Pomysły są po to, żeby je realizować. Jakiś czas temu wpadła mi do głowy myśl, żeby w formie wymiany zdań z Timim pozostawiać w formie pisanej masę myśli jakie przebiegają przez głowę przy okazji meczów, czy też innych wydarzeń związanych z Celtami. Myśli są ulotne, naszych rozmów i rozważań na czacie nie widać już po godzinie plotkowania – dlatego taka forma zagości (myślę, że na stałe) na naszej stronie. Dziś kolejny odcinek, w którym porozmawiamy o naszej drużynie. Jak zawsze będzie to zbiór myśli ważnych, mniej ważnych, kompletnie nieistotnych i tych które Adaś skomentuje. Zawsze dobrze jest pogadać, poplotkować i zostawić coś po sobie. Taki bonusik od nas dla was – bo „Dzień Święty należy Święcić”.
[Adrian] Nic dawno nas tak nie rozpaliło, jak spotkanie z Houston. Rakiety nam nie zapomniały tej porażki w TD Garden i mecz był naprawdę wyborny, bo Celtics nie zamierzali drugi raz popełnić tego samego błędu i przespać 1 połowę. Mecz koniec końców przegraliśmy, ale to było jedno z najlepszych spotkań w naszym wykonaniu w tym sezonie. Jesli tak miałby wyglądać Finał – to jak sie okazało, nie tylko kibice Celtics nie mają nic przeciwko.
[Timi] Wiesz, jeśli Celtics mają być w finale to już nawet nieważne z kim, byleby się tam zameldowali – no a Rakiety to naprawdę fajny zespół, dlatego te nasze spotkania to naprawdę świetne widowiska. Tak sobie myślę: jeśli przyjąć, że na Zachodzie nikt za bardzo nie ma podejścia do Rockets i Warriors to wydaję mi się, że w ewentualnej serii playoffs najbliżej pokonania i jednych, i drugich byliby… Celtics? To oczywiście luźna myśl, ale jak sobie przypomnę wszystkie nasze starcia w tym sezonie zarówno z Rockets, jak i Warriors to byłby to cztery naprawdę świetne spotkania, gdzie wcale nie odstawaliśmy poziomem od rywala.
[Adrian] Na pewno w spotkaniach z GSW i Houston prezentowaliśmy się lepiej od Cavs, którzy uwalili wszystkie 4 mecze z tymi zespołami. Szczególnie jeden mecz z Houston to była deklasacja. No, ale zaraz pewnie usłyszymy, że LeBron w PO to zupełnie inny zawodnik, wtedy wrzuci wyższy bieg. Jest to prawda, tylko, że nie pamiętam kiedy ostatnio LBJ miał tak słaby zespół w RS. Pewnie w którymś z wczesnych sezonów w NBA, pierwszy lub drugi, bo potem regularnie gościł w PO.
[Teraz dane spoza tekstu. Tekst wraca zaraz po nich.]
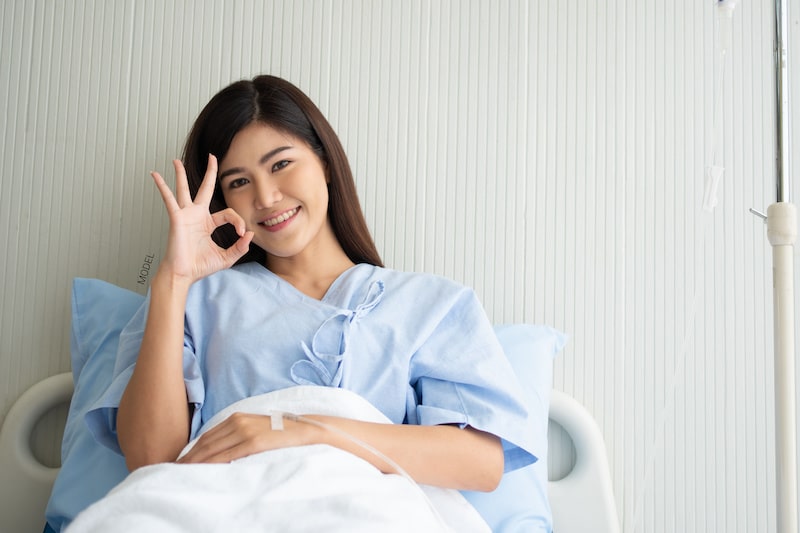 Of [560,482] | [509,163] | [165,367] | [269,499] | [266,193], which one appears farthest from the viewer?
[509,163]

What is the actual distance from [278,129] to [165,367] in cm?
42

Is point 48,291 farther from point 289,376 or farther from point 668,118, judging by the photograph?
point 668,118

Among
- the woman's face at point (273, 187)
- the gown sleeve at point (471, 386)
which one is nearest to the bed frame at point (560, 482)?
the gown sleeve at point (471, 386)

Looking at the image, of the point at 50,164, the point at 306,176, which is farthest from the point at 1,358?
the point at 306,176

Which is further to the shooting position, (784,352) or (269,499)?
(784,352)

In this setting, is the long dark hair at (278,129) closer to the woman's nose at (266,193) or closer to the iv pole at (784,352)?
the woman's nose at (266,193)

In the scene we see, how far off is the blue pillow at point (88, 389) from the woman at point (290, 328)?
0.10 metres

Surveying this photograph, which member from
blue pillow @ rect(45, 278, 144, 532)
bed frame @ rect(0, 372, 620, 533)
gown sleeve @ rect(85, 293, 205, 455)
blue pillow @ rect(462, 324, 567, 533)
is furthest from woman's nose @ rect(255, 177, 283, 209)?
bed frame @ rect(0, 372, 620, 533)

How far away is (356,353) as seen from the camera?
3.35 ft

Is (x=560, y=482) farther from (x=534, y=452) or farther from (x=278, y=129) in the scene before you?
(x=278, y=129)

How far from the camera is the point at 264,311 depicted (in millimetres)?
1072

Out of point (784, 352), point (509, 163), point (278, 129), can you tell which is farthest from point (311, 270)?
point (784, 352)

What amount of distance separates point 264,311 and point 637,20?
92 cm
[Timi] Jak parę dni temu zobaczyłem na papierze, jaki skład LeBron miał do pomocy w sezonie 2006/07… Wiesz, w tym sezonie on nadal jest jedynym w zasadzie powodem, dla którego ja biorę Cavs na poważnie i nadal brać będę. On sam zresztą ostatnio powiedział, że nie jest ważne, z jakim miejscem zakończy sezon regularny, bo jeśli będzie w twojej hali w meczu numer jeden to na pewno nie będzie łatwo. Już rok temu tak po cichu liczyliśmy, że może przewaga parkietu w starciu z Cavaliers na coś się zda, a tak naprawdę nie miało to żadnego wpływu.
[Adrian] Dobra – co się stało w ostatnich minutach meczu. Prowadziliśmy 6 punktami, Irving miał akcje na zwiększenie prowadzania do 8 punktów, a potem…. kompletnie nic już nie graliśmy. Nie ma się co czepiać, że nie spudłował rzutu wolnego, a drugi wykonał tak, że nawet nie trafił w obręcz. Pewnie nigdy nie zastanawiał się nad tym, jak nie trafić piłką do siatki.
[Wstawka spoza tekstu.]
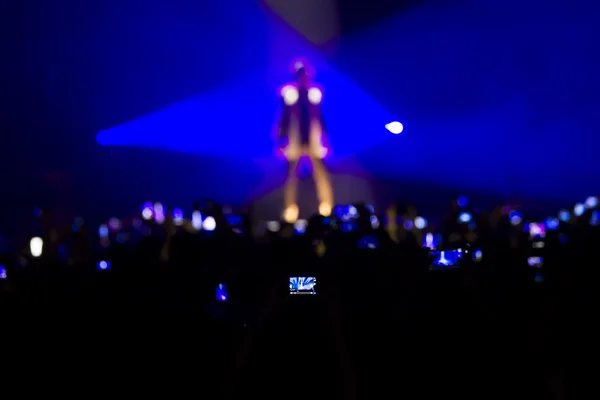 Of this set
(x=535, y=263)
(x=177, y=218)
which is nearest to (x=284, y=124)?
(x=177, y=218)

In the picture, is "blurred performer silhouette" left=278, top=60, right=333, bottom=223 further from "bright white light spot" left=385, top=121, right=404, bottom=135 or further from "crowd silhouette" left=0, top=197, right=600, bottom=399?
"crowd silhouette" left=0, top=197, right=600, bottom=399

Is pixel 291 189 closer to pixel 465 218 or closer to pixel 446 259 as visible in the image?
pixel 465 218

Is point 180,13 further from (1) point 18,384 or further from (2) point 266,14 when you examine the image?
(1) point 18,384

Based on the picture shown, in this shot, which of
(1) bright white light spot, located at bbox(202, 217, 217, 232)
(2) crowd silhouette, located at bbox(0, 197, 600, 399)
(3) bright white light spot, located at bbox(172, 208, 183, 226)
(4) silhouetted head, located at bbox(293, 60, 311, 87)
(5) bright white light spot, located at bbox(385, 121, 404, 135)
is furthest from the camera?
(5) bright white light spot, located at bbox(385, 121, 404, 135)

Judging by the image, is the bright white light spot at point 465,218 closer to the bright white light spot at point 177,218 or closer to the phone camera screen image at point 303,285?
the phone camera screen image at point 303,285

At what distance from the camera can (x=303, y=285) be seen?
2.89 m

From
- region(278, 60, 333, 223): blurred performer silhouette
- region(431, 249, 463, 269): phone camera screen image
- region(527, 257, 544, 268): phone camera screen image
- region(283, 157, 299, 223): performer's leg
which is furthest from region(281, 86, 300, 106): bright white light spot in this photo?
region(431, 249, 463, 269): phone camera screen image

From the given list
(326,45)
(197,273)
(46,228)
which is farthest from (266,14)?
(197,273)

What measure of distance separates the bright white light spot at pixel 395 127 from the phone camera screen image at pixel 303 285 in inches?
241

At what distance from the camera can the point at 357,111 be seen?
874cm

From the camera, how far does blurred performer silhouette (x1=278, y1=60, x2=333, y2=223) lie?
7914mm

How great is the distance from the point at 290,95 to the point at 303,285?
539cm

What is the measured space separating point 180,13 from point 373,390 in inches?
267

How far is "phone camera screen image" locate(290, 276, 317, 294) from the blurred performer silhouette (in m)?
4.90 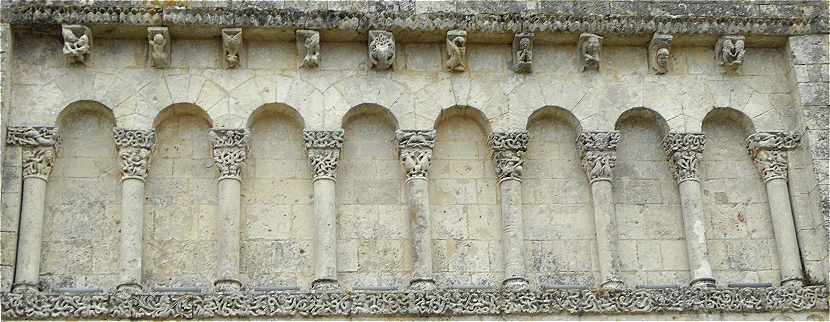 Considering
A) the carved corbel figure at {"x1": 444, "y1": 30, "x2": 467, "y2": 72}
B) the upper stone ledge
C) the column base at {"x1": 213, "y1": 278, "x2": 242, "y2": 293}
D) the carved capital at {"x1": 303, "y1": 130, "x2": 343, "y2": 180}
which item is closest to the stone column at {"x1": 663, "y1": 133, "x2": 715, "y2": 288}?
the upper stone ledge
[Timi] To wejście do kosza Irvinga było jednym z ledwie dwóch jego rzutów z gry w tej kwarcie. To drugie przyszło na kilka sekund przed końcem, kiedy wbijał pod obręcz, a Rockets nie chcieli faulować. Nie może tak być, że najlepszy twój gracz (tym bardziej w takiej formie jak Kyrie zaraz po ASG) oddaje w czwartej kwarcie zaledwie dwa rzuty! Jasne, ławka wyglądała naprawdę znakomicie, ale ani Morris, ani Monroe nie odegrali roli w crunchtime. Myślę, że tutaj też trochę błąd Stevensa, że w tych najważniejszych momentach zabrakło na parkiecie tych najgorętszych zawodników.
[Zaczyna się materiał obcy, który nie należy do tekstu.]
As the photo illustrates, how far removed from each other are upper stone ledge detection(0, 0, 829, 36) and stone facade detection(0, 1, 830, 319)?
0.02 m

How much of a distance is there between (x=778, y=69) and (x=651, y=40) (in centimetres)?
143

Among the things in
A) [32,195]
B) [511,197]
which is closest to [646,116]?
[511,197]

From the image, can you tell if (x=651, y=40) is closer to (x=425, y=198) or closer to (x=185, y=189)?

[Adrian] No Ty piszesz, ze nie może być tak, a Houston to nie tylko szaleńczy atak, ale też kilku naprawdę dobrych zawodników w obronie. Tym razem oni wyłączyli naszego scorera, ale nie uważam tego za błąd Stevensa. Na Houston skład musi być zbilansowany przede wszystkim pod kątem Hardena, Gordona i CP3. Nie ma sensu wychodzić zbyt wysokim składem, bo nas rozstrzelają. Przydałby się ten Evans w takim pojedynku – szkoda, że tu nie trafił, bo to idealny zawodnik an Rakiety.
[Timi] Ale jak Horfordowi nie szło to może lepiej było zostawić w fotelu kierowcy Monroe? No i też warto zobaczyć, kiedy ostatnie punkty w tym spotkaniu zdobył Morris. Fakt faktem, że niekiedy rotacje Stevensa są co najmniej zastanawiające i choć na ogół przynoszą one dobre lub bardzo dobre efekty to jednak czasami zdarzają się dokładnie takie mecze, gdzie czegoś brakuje. Ale trzeba też oddać Rakietom, że są naprawdę mocnym w obronie zespołem, tak jak to wspomniałeś – piekielnie trudny rywal się tam zbudował.
[Adrian] Mecz z Chicago raczej nie mógł się podobać, poza wynikiem – bo ten był bardzo dobry. Byki nie postawiły żadnego oporu i to była egzekucja. Wynik cieszył, tylko to wyglądało jak sparing. Nasi robili w 1 połowie co chcieli i w ataku, i w obronie. Sprawienie przeciwnikowi srogiego lania powinno sie podobać, powinno wywoływać uśmiech na twarzy kibica, tymczasem ja w środku nocy czułem się od 10 minuty, jakbym oglądał pojedynek dwóch drużyn, z czego ta jedna ma w składzie tylko upośledzonych ruchowo.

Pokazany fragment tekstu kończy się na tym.